Exercise description: Nothing but the lines from the one including "Conjunto de barbear" through the last line of the entries, restated exactly, should appear in the answer; omit the pictures.

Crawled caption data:
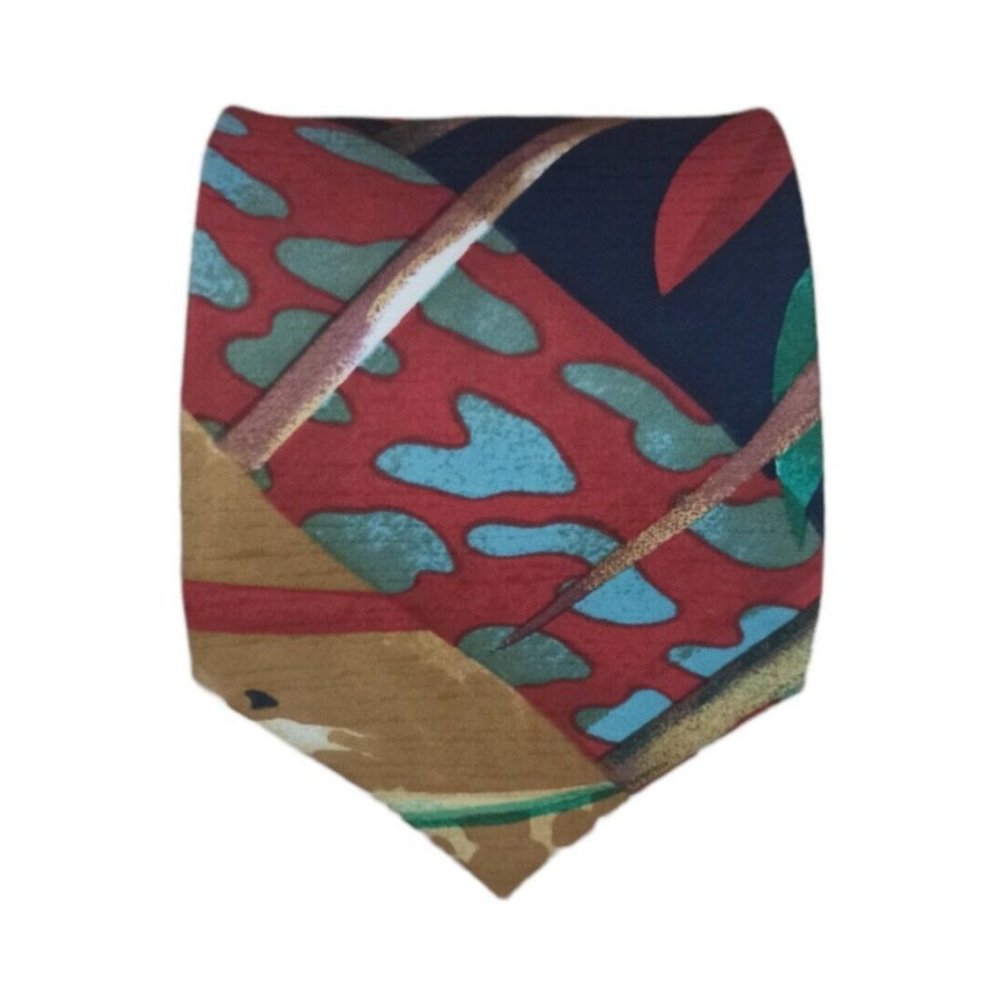AQUASCUTUM Multicolored Art Silk Tie ITALY 58"/ 3.6" EC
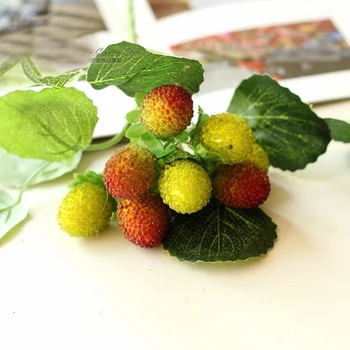  9 изкуствени фалшиви плодове сватбена украса на дома цвете и изкуствени плодове, гребло ягоди подпори за фотосесия растение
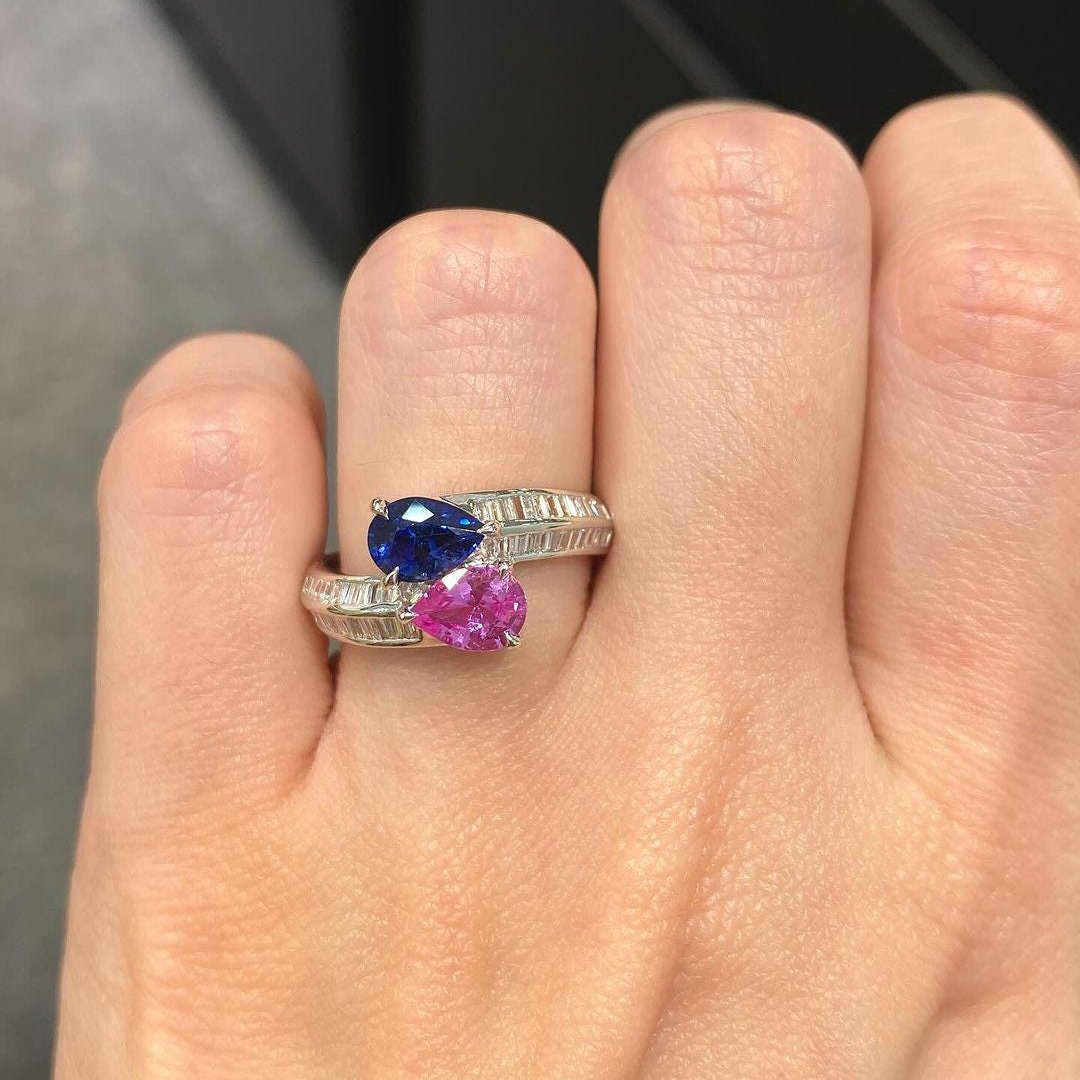 Mama of an Angel Pear Pink & Blue Sapphire Ring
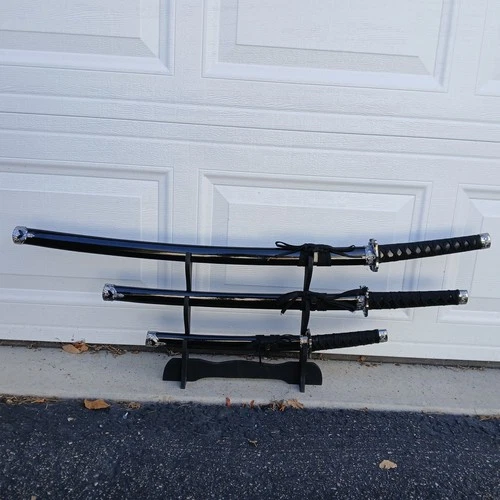Set of 3 Japanese Replica Swords Katana, Wakizashi, Tanto with Display Stand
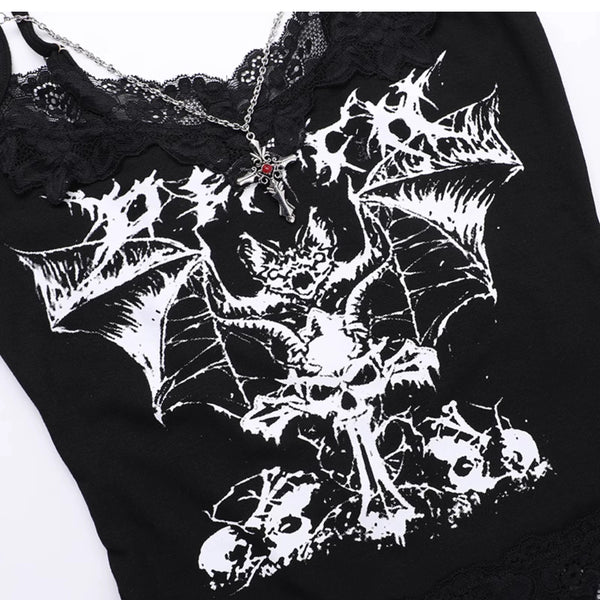 Goth Skeleton Bat Lace Edge Black Camisole Top with charm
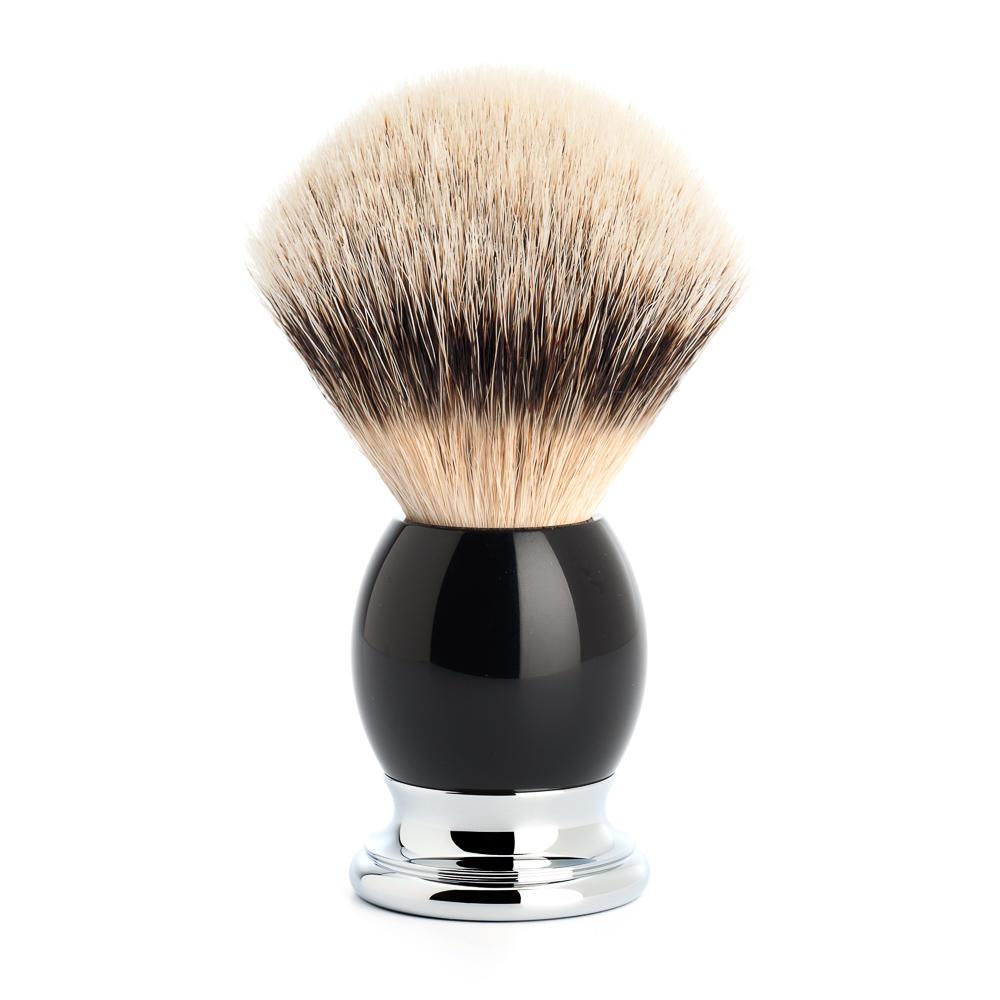Conjunto de barbear MÜHLE Sophist preto de 4 peças Silvertip Badger e Fusion Razor, pincel de barbear Silvertip Badger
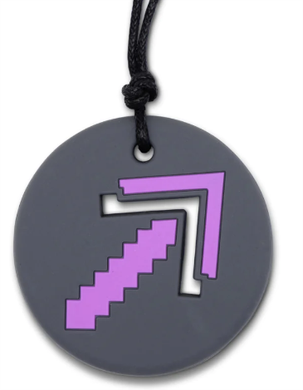 Jellystone Designs Arrow Chew Pendant Grey Purple Sensory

Final answer:
Conjunto de barbear MÜHLE Sophist preto de 4 peças Silvertip Badger e Fusion Razor, pincel de barbear Silvertip Badger
 Jellystone Designs Arrow Chew Pendant Grey Purple Sensory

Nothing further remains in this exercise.